TOKYO/SEOUL, Nov 3 (Reuters) – North Korea fired multiple missiles into the sea on Thursday, including a possible failed intercontinental ballistic missile (ICBM), prompting the United States and South Korea to extend air drills that have angered Pyongyang.
Despite an initial government warning that the apparent ICBM had flown over Japan, triggering warning alarms for some residents, Tokyo later said this was incorrect.
The launches came a day after the North fired a daily record 23 missiles, including one that landed off the coast of South Korea for the first time, and drew swift condemnation from Washington, Seoul and Tokyo.
Since Monday, South Korea and the United States have been conducting one of the largest air exercises ever, with hundreds of South Korean and U.S. warplanes, including F-35 fighters, staging around-the-clock simulated missions.
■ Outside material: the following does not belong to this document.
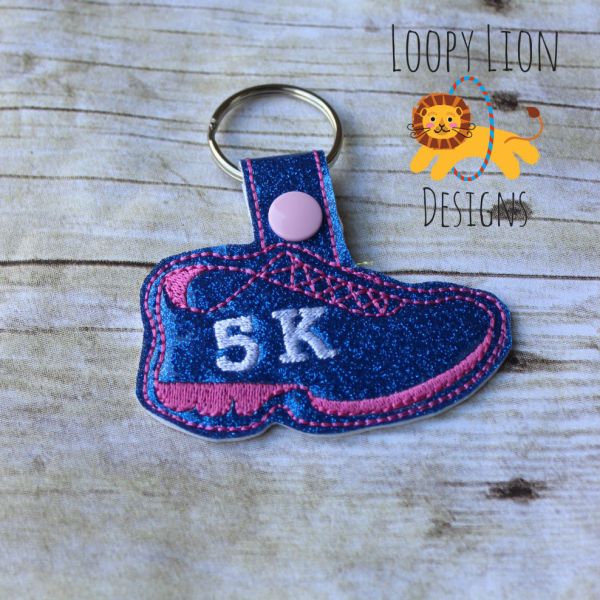 Running Shoe Set ITH Key fob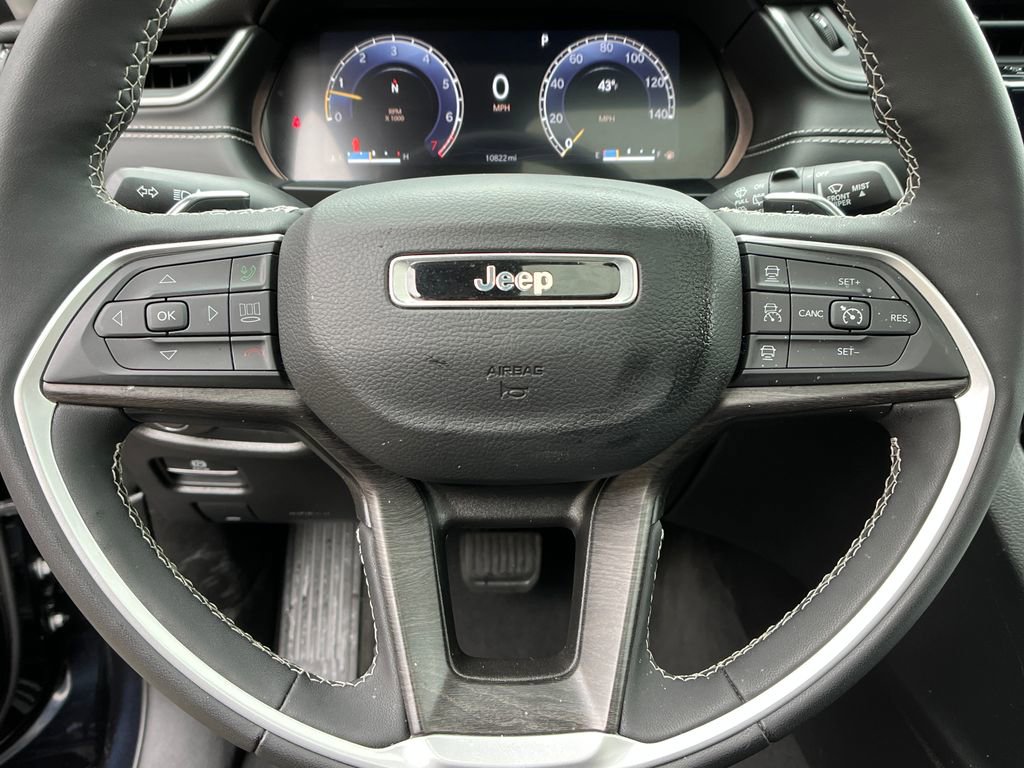 Used 2024 Jeep Grand Cherokee Limited w/ Black Appearance Package image 14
After Thursday’s ICBM launch, the allies agreed to extend the drills past Friday, when they had been scheduled to end, South Korea’s Air Force said in a statement.
“A strong combined defense posture of the ROK-U.S. alliance is necessary under the current security crisis that is escalating due to North Korean provocations,” the statement said, using the initials of South Korea’s official name.
Late on Thursday, Pak Jong Chon, secretary of the Central Committee of North Korea’s ruling Workers’ Party, said the United States and South Korea had made a very dangerous decision by extending the drills, and were “shoving” the situation out of control.
“The United States and South Korea will find that they have made a terrible mistake that cannot be reversed,” Pak said in a statement carried by state news agency KCNA. He had previously issued statements demanding the drills be stopped.